Supplied information
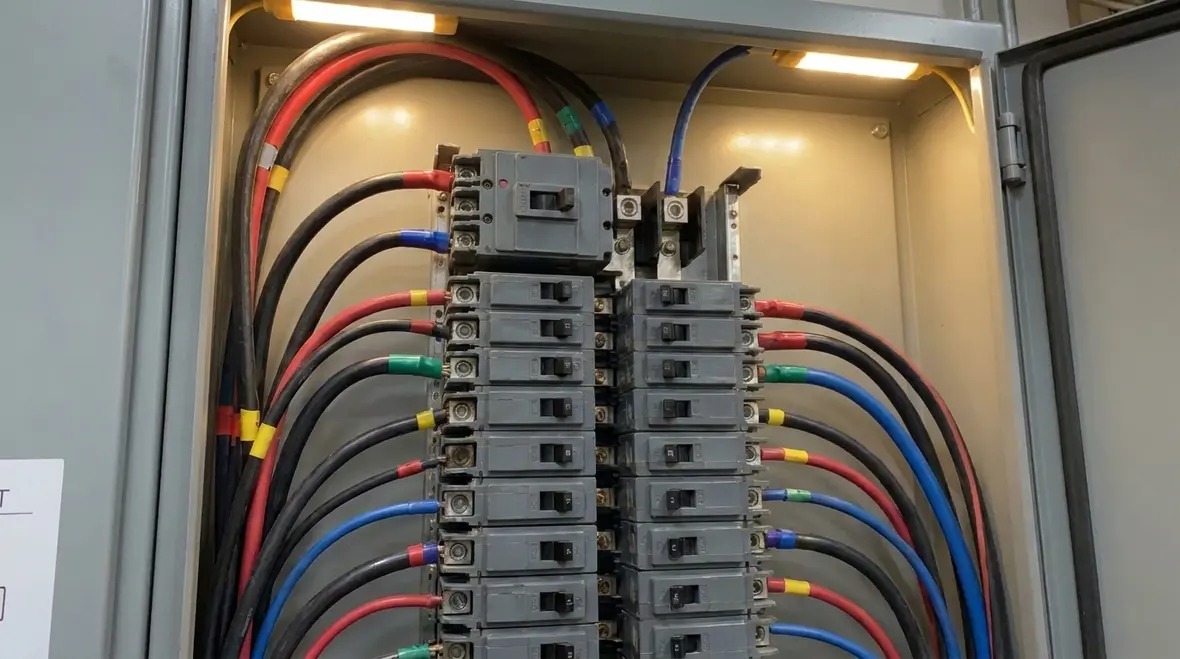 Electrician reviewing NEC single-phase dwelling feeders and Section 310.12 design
---
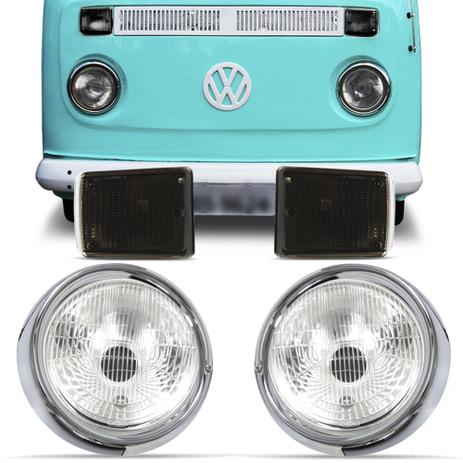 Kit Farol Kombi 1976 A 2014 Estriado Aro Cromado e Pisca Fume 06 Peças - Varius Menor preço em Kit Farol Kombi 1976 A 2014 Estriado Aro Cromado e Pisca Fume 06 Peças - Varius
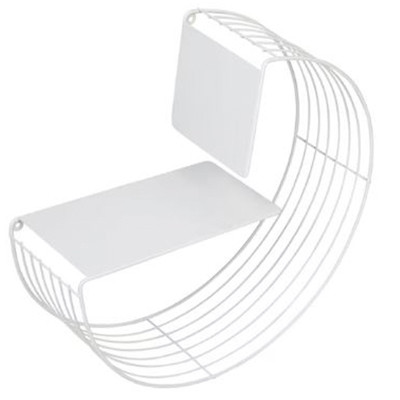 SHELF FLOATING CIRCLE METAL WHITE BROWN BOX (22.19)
* * *
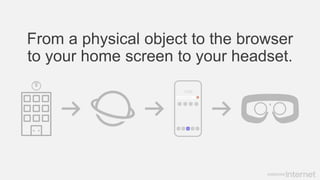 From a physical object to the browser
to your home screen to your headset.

Aim of the task
All lines above from the one containing "From a physical object to the browser" up to and including the one containing "to your home screen to your headset." are to be set down exactly, and nothing else. Leave images out.

Task solution
 From a physical object to the browser
to your home screen to your headset.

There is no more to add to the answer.